Draghi refrained from striking a triumphant tone in a speech in December to herald the single currency’s 20th anniversary. The ECB chief listed the euro’s successes while admitting not all have benefited equally from it, the result he said of domestic policies and a monetary union that may be stronger but remains incomplete. All the same, the currency’s creation was an “exceptional,” even “antihistorical” response to a “century that had seen dictatorships, war, and misery,” he said.

Similar reminders of Europe’s 20th century history are used by Merkel and Macron to make the case for political unity. But there are cogent economic reasons why even the EU’s most grudging members are unwilling to push nationalist policies to the point of risking a split with the bloc.
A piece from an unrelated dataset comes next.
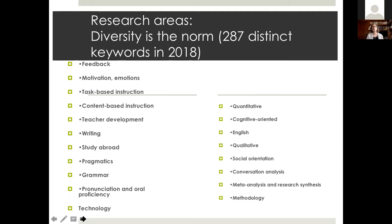When we look at our submissions in 2018, diversity really is the norm. We had almost 300 distinct keywords and published on all of these topics. As long as it's related to language teaching and learning, we're interested in it. This is in order of frequency, and something to keep in mind is that you don't necessarily need to publish on the topics that are most studied. The methodological orientation of the articles we publish is very wide.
Poland, for example, where the nationalist government clashed with Brussels over judicial reform that EU officials regard as breaching the bloc’s democratic norms, is the biggest net recipient of EU funds. Eastern Europe’s largest economy receives €27 billion for transportation and environmental projects alone in the current budget period of 2014-20. That’s equal to some 6 percent of annual gross domestic product. Little wonder, perhaps, that Poland backed down on the reforms at the 11th hour.

Meanwhile, the potential for an “Italexit” has diminished as the unlikely coalition of the anti-establishment Five Star Movement and the anti-immigration League has pulled back from its wayward fiscal policy. Concerns remain about Rome’s economic trajectory: Italy is too big to rescue with the existing tools put in place in the wake of the debt crisis. But that kind of crisis probably won’t lead to a departure from the EU and the euro. The League, which polls suggest could govern without Five Star if early elections were held, has its base in the richer north of Italy, including many among the business community who would be loath to risk it all on a break with the bloc. After all, 57 percent of voters say the euro is a good thing for Italy, up 12 percentage points from a year earlier, a November poll found.

The gilets jaunes protests against Macron were a serious expression of disaffection with the way France has been governed—and a drain on his political capital, including his advocacy for the EU. But the movement’s diffuse nature, which enabled voters with disparate grievances to unite in protest via social media, means it’s hobbled by a lack of leadership. Any attempt to politicize it further by contesting elections to the European Parliament in May would end up taking votes from the far right or far left in France and so strengthen the center. In any case, for Macron, humility may not be a bad domestic political strategy.

Domestic politics, too, have weakened Merkel’s influence as the center of gravity for the EU. Still, her party opted to ignore the siren call to shift to the right to recapture voters lost to populism, instead choosing her preferred successor, Annegret Kramp-Karrenbauer, to hold to the centrist course she’s charted. Polls suggest her Christian Democratic bloc has recovered from its lows. Free of the constraints of party leadership, Merkel can focus on European unity—her forte—in her remaining three years in office. She may even spring a surprise that helps bind the bloc more closely together.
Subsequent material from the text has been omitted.